自由を求めて統制に行き着く/BIという売国の弾丸
我々は自由経済によって豊かになった。
20世紀は基本的に自由な経済活動が容認推奨される世の中であり、
その中でいわゆる先進国とその国民はとくに豊かになったのだ。
貧しき者は豊かに、
豊かな者はより豊かに。
貧しき国は豊かに、
豊かな国はより豊かに。
世界全体として豊かになっていく中で、格差や貧困というものはさほど問題視されなかった。
貧しき者も、富める者も、豊かに。
ところが、
21世紀に入ると雲行きが怪しくなる。
世界全体の富のトータルが増加しなくなったのだ。
結果、次のような変遷が起こる。
↓↓ 全体としてワンランクダウン
それまで、
貧しき国民も、貧しき国も、豊かな国民も、豊かな国も、あまねく豊かになっていた世界。
その貧しき側の半分が成長を失ったのだ。
結果、貧富の格差と貧困の問題が浮き彫りになった。
それまでも貧富の格差はあったし、貧困もあった。
だが「未来に向けて豊かになる」という共有意識ですべての国とすべての人が一体となっていた。

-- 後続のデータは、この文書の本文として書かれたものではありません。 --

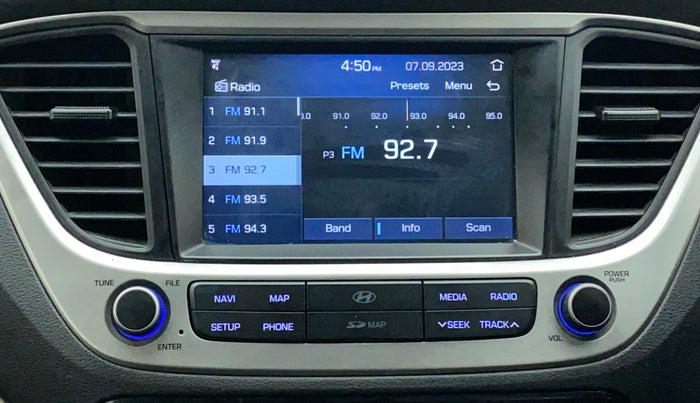 2017 Hyundai Verna 1.6 CRDI SX, Diesel, Manual, 82,405 km, Infotainment System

そこから「豊かになる」という未来予想図がなくなり、貧富の格差と貧困は永久的なものとなって固定された。
21世紀に入り、
貧しき国と貧しき人は、逆転のチャンスを喪失したのだ。
だから、貧困と格差という問題が逆転不可能になって噴出している。
貧しきは貧しく、豊かには豊かに
21世紀。
もう自由経済に世界全体を豊かにする力は残されていない。
全体を少しだけ豊かにしていく、それが自由経済に残された精一杯の力だ。
豊かな者は、以前のようにドラスティックに豊かにはなれない。
豊かな国は、以前のようにドラステイックに豊かにはなれない。
もし仮に、
豊かな者と豊かな国が、以前のようにドラステックに豊かになろうとすれば、
それはとりもなおさず、貧しき者と貧しき国の絶望を意味する。
現下、1%への富の偏りが喧伝されて久しい。
これは富める者が力づくでドラスティックな豊かさを志向した結果ではなかろうか。
貧しき者と貧しき国の絶望の上にあるドラスティックな豊かさというものに、持続可能性があるとはとても思えないが…
自由を目指して統制に行き着く
自由経済は世界を豊かにできなくなった。
そこで統制経済が首をもたげている。
昨今何かと話題の「ベーシックインカム」がその象徴だ。
ベーシックインカムに統制経済の匂いは薄い。
そう思えるかもしれない。
だがそうではないのだ。
ベーシックインカムこそ最近の言葉でいう「ガチの統制経済」である。
ベーシックインカムの基本構造は下図のようなもの。
国民は個人情報を国家に託す。
その見返りに、国家は国民に最低限の所得を給付する。
これがベーシックインカムの骨子だ。
この先に待ち構える最善の結末をのべよう。
「誰が」「いつ」「どこで」「何を」「どうした」・・・
国民の個人情報を掌握した国家は、その個人情報を利用してインフラやそれに類する社会制度を最適化し、財政が黒字化され、その財政黒字分を最低所得補償分に回していく。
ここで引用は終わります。